From the line that contains "Metty Metal 60" through the last line of the data, copy everything exactly and nothing else, omitting the pictures.

[SOURCE MATERIAL — start]

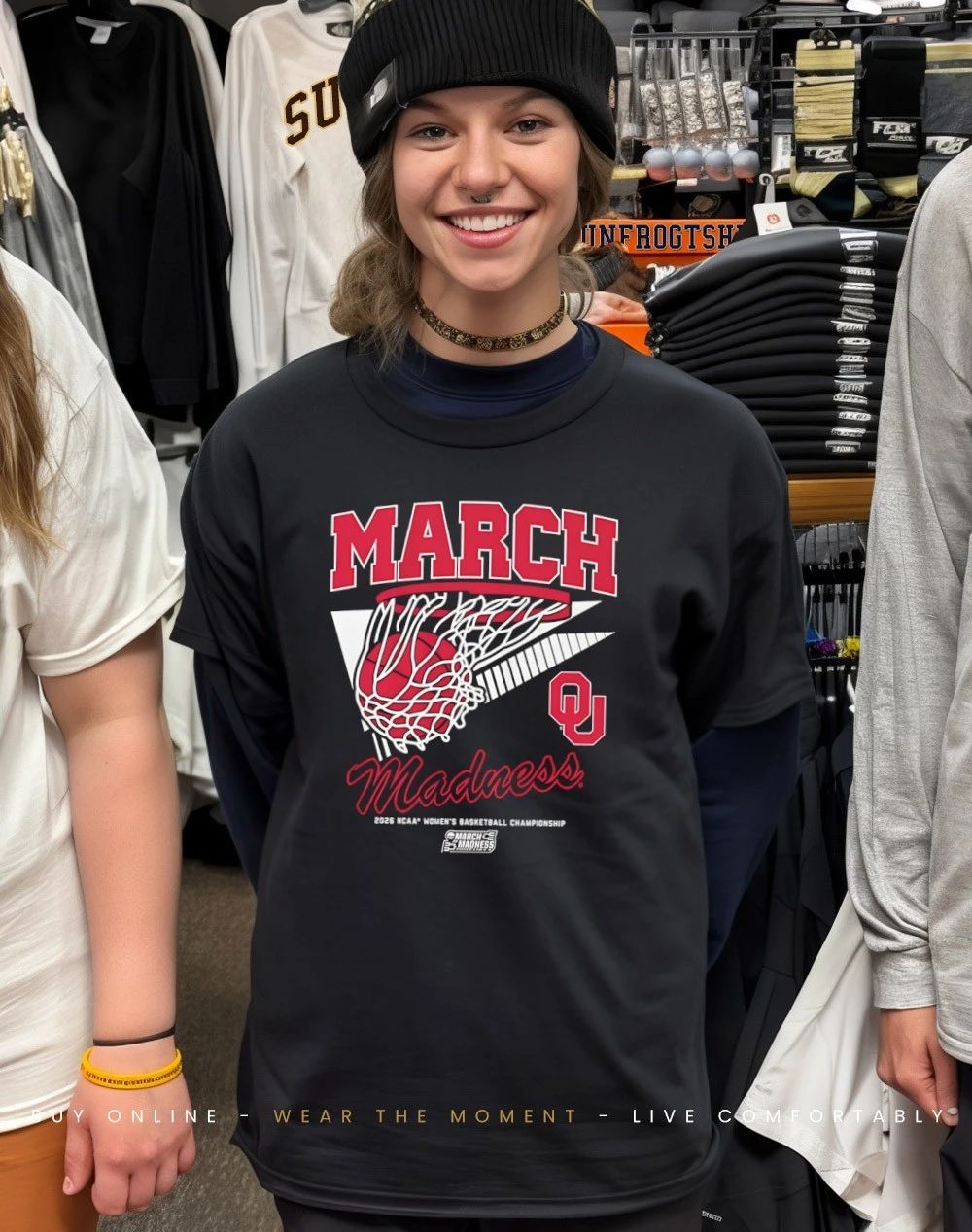 Oklahoma Sooners WBB 2026 March Madness Retro Swish shirt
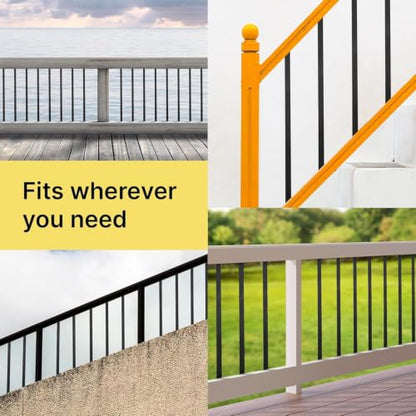 Metty Metal 60 pcs 36'' Deck Balusters Rust Resistant Deck Railing - size: 36 inch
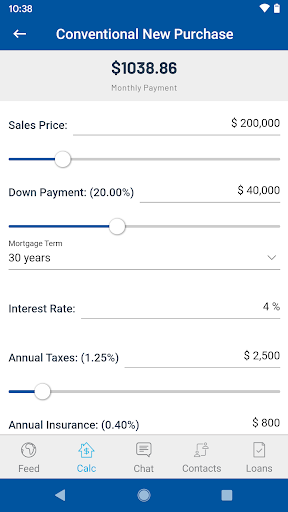 Hybrid Home Loans Screen 3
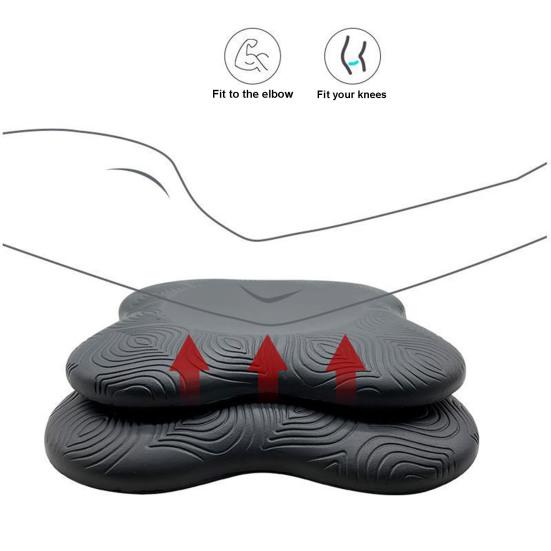 1 шт. коврик для йоги для колен, утолщенный, мягкий, нескользящий, с высокой несущей способностью, ударопрочный, из искусственной кожи, поддержка для йоги, коврик для колен, для занятий йогой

[SOURCE MATERIAL — finish]

ANSWER BOX:
 Metty Metal 60 pcs 36'' Deck Balusters Rust Resistant Deck Railing - size: 36 inch
 Hybrid Home Loans Screen 3
 1 шт. коврик для йоги для колен, утолщенный, мягкий, нескользящий, с высокой несущей способностью, ударопрочный, из искусственной кожи, поддержка для йоги, коврик для колен, для занятий йогой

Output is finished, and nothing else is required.